Whenever we go out (use to go out, #precovid) somewhere fancy, Dan and I always seem to order scallops. Not the drenched in cream kind, but the simple, butter, zesty, garlicky kind with a sprig of green and lemon slice.
IMO that's all there is to a good scallop - the simpler the better. Honestly that's my general rule for seafood and I'm sticking with it!
On that note, that's really all there is to these seared lemon garlic butter scallops. The scallops themselves take literally 5 minutes in the pan. Not per side, total. And then throw in some butter, lemon juice, white wine, fresh herbs, and garlic. Whisk for a couple minutes.

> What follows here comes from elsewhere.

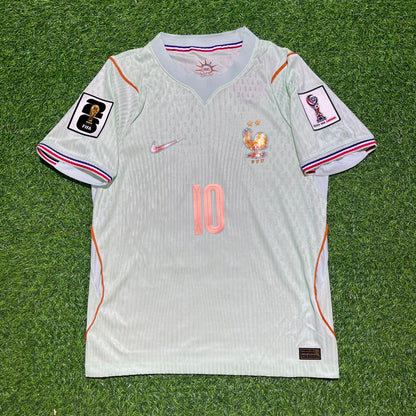 Frankreich Nationalmannschaft Weltmeisterschaft 2026 Kylian Mbappé Auswärts-Fußballtrikot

Aaaaand done! Drizzle the sauce on top of your golden crusted scallops and serve with a couple lemon slices. If you want to get real fancy, maybe whip up a little parmesan risotto for extra yums.
Ready to snazz up your date night menu? Scroll down for the recipe!Print
Perfectly seared scallops done in just one pan with a zesty, buttery, garlic white wine sauce.
- 1 lb jumbo scallops (about 8-10 scallops)
- 2 tablespoons extra virgin olive oil
- 4 tablespoons unsalted butter
- 2 garlic cloves, minced
- 1 tablespoon dry white wine or white wine vinegar
- 1 tablespoon fresh lemon juice
- ½ teaspoon fresh rosemary, roughly minced
- ½ teaspoon fresh thyme leaves
- ½ teaspoon coarse salt
- ⅛ teaspoon ground black pepper
- Remove the side muscle from the scallops if any is left. Pat scallops dry as much as possible. The drier the better!
- Heat oil in a large, non stick skillet. Sprinkle scallops with salt and pepper and once the pan is sizzling hot, add them to the pan. Shake the pan gently to keep them from sticking and tearing. Cook 3-4 minutes. Flip scallops over and cook 1-2 minutes. They should have a golden brown crust on their tops and bottoms with an opaque middle. Once done, set on a paper towel to soak up any excess oil.
- Working quickly, melt butter in the same pan. Whisk in garlic and cook 1 minute, until fragrant.
- Whisk lemon juice, white wine, rosemary, and thyme, cooking until mixed and warmed through. Season with salt to taste.
- Plate scallops and drizzle with pan sauce. Garnish with any extra chopped herbs and serve immediately.